Section 19. Miscellaneous Provisions.

(a) Investment Representation. Each Investor Limited Partner represents and warrants to the Partnership, the General Partner and Shells that such Investor Limited Partner (a) is an “accredited investor” as defined in the Term Sheet, and is financially capable of bearing the risk of an investment in the Partnership; (b) is not acquiring its Interest in the Partnership with a view to resale thereof; (c) is familiar with and understands the restrictions on resales as set forth in this Agreement and under applicable securities law and regulations; (d) understands that there are restrictions on its ability to transfer its Interest in the Partnership and that it will have to bear the economic risk of its investment for an indefinite period of time; and (e) has carefully reviewed the Term Sheet and has had the opportunity to obtain and examine all information and documentation required to evaluate the merits and risks of an investment in the partnership.

(b) Binding Provisions. The covenants and agreements contained herein shall be binding upon and shall inure to the benefit of the heirs, personal representatives, permitted successors and permitted assigns of the respective parties hereto.

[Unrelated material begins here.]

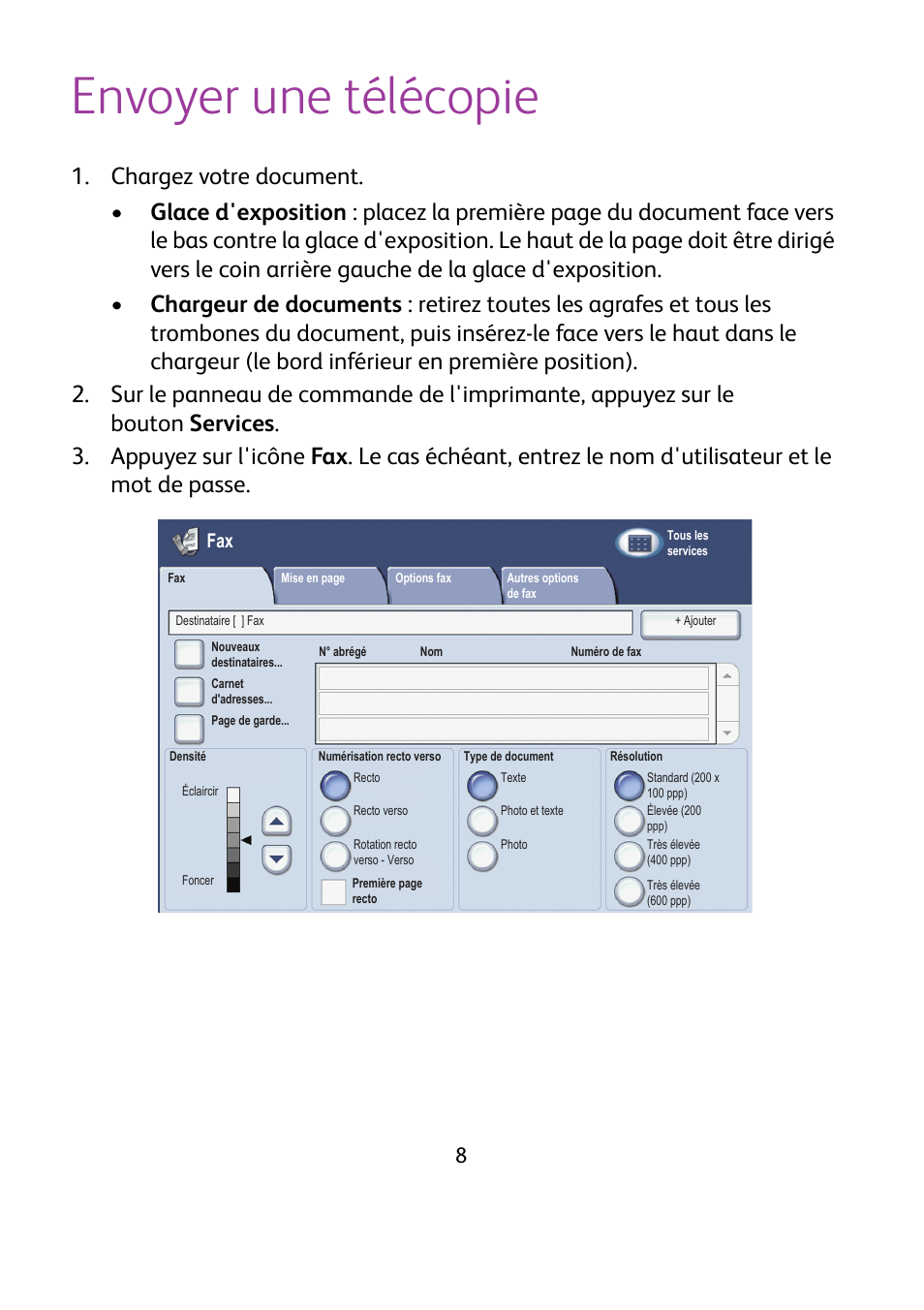 Envoyer une télécopie | Xerox WorkCentre 7425-7428-7435 avec built-in controller-12224 User Manual | Page 29 / 88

(c) Applicable Law and Venue. This Agreement shall be construed in accordance with and governed by the laws of the State of Florida, without regard to principles of conflicts of law that would result in the application of laws of another jurisdiction. Any action or proceeding seeking to enforce any provision of, or based on any right arising out of, this Agreement shall be brought against either of the parties exclusively in the courts of the State of Florida, County of Hillsborough, or if it has or can acquire jurisdiction, in the United States District Court for the Middle District of Florida, Tampa Division, and each of the parties consents to the jurisdiction of such courts (and of the appropriate appellate courts) in any such action or proceeding and waives any objection to venue laid therein.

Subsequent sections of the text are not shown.